American Melissa finally talked Yul, her Chinese boyfriend, into marrying her. So hey, screw Hawaii and their stupid dolphins — let’s honeymoon in China during the Hungry Ghost Festival! Their timing couldn’t be better. Not only is it the Hungry Ghost Festival, but one that lands on the seventh lunar month. And there’s a full moon, which, as everyone knows, adds a little something extra to the party dip.
A tour guide takes Mel and Yul one million miles out into the rural countryside to visit Yul’s relatives. It’s late, it’s dark and they’re lost. Or so the guide says. He gets out of the car to “find help” and doesn’t come back! So much for his tip. After an hour the couple get out and go looking for him. What they find is a small village with all the doors and windows locked, chained and boarded up. (Why all the drama? All they had to do was hang “Do Not Disturb” signs on the door knobs.)
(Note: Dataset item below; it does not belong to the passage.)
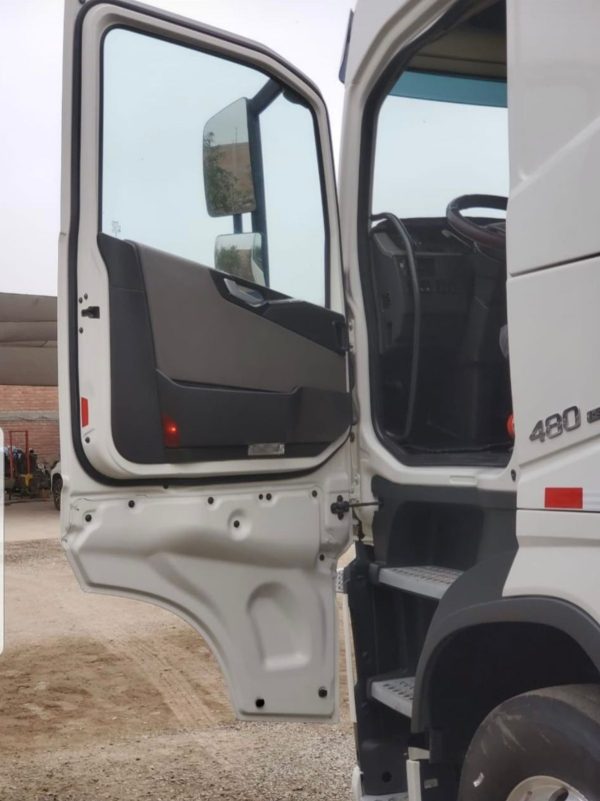 REMOLCADOR FH480 AÑO 2017 PRECIO $ 69,000.00 DOLARES - Image 7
Then they happen across an offering party arrangement: candles, banners, festive lighting, chickens, dogs, supermarket-ready pigs — all dead or half eaten. Turns out the Hungry Ghost Festival is aptly named. When you’re free from Hell to roam the Earth during the seventh lunar moon, you’re gonna be pretty darn peck-ish.
Out of nowhere, white hairless/clothes-less ghouls with dark bloody mouths descend upon the hapless couple. Mel and Yul escape, only to end up at a spooky house covered in seasonal candles with chanting going on. The place is filled with people just standing there, not saying or doing anything. Yep, these people sure know how to party.
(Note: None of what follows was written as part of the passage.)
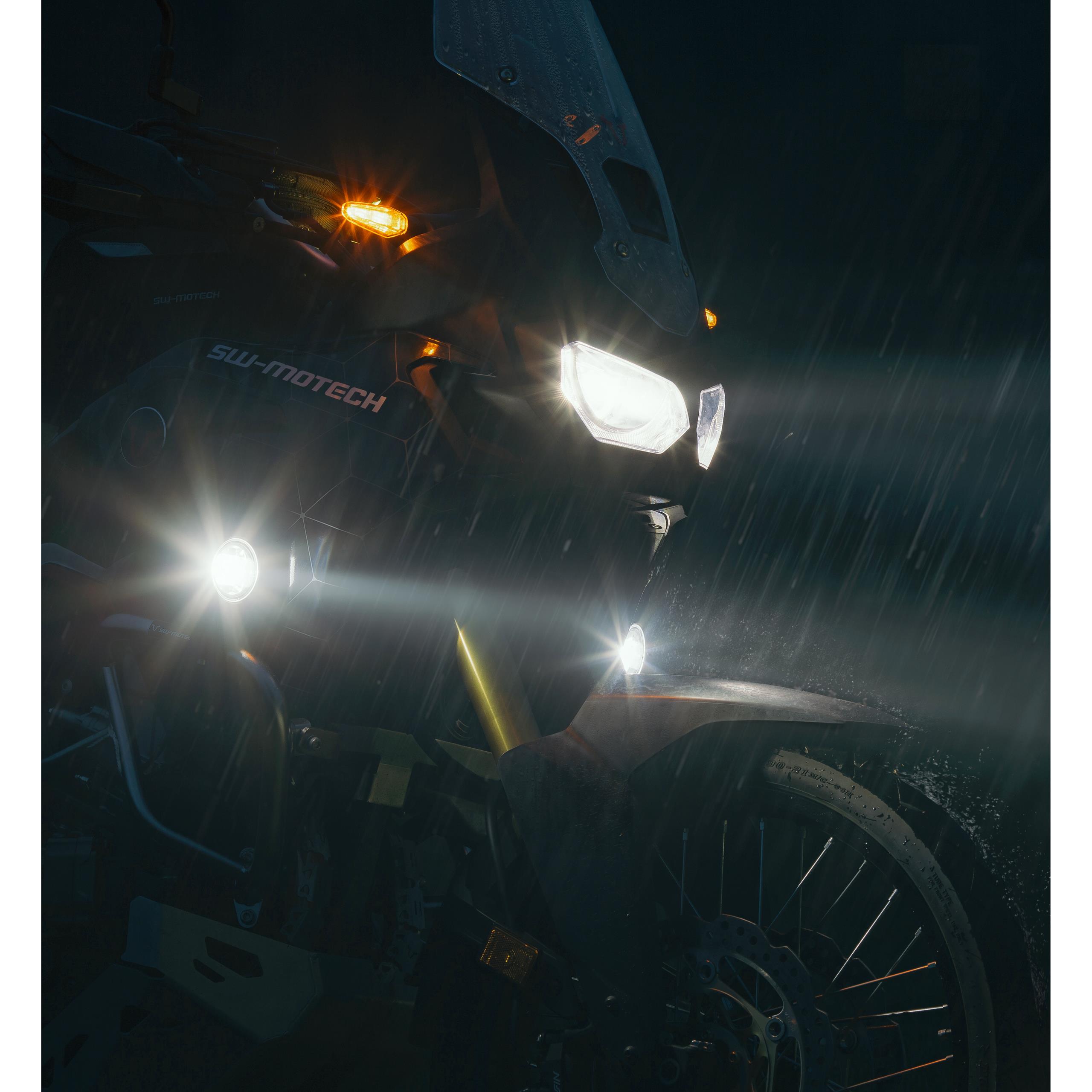 SW-MOTECH-EVO LED-Nebelscheinwerferkit mit Kabelbaum und Schalter-5725661000000140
After drinking drugged tea, the couple are tied up in a bamboo cage outside where the ghouls show up for dinner where Yul is the main course. Melissa, though, is unharmed (she’s American and therefore not on the menu) and makes her way back to the house, only to find the guide that brought them here. He explains that every time the dead show up during the festival, they always take one of the living with them whether they want to go our not. That sucks.
The dead have taken Yul into a water-filled cave for his “final journey,” the ultimate last call. She goes to the cave, using only her cell phone as light, and encounters the ghouls, all standing silently, looking in one direction, which for once, isn’t at anything resembling food. She finds Yul chained up and he’s hairless, pasty-white with dark circles around his eyes and mouth. And yet she still wants to kiss him. Yuck is one of three things that just ran through my mind.
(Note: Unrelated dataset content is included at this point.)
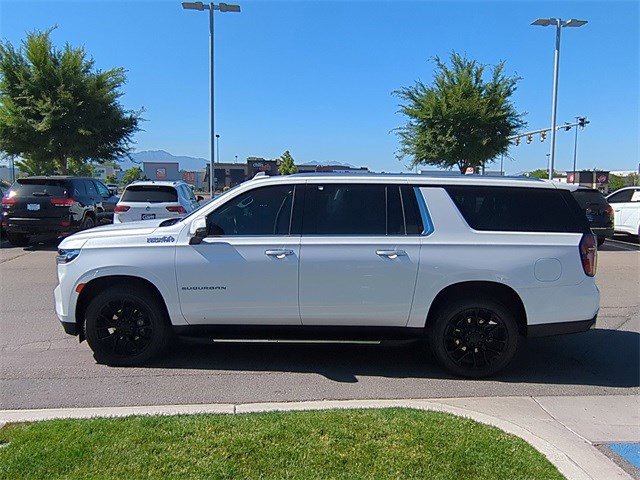 2023 Chevrolet Suburban High Country photo 6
Seventh Moon (2008) has requisite tension and cool ghouls, but the camera work is so shaky as to give you the festival spins. And almost everything is shot in pitch black darkness, so it’s hard to see much of the action. Most of the movie is a chase scene, but it does have its party moments. Just don’t blame me if the dead don’t eat you — maybe they only have a taste for Chinese.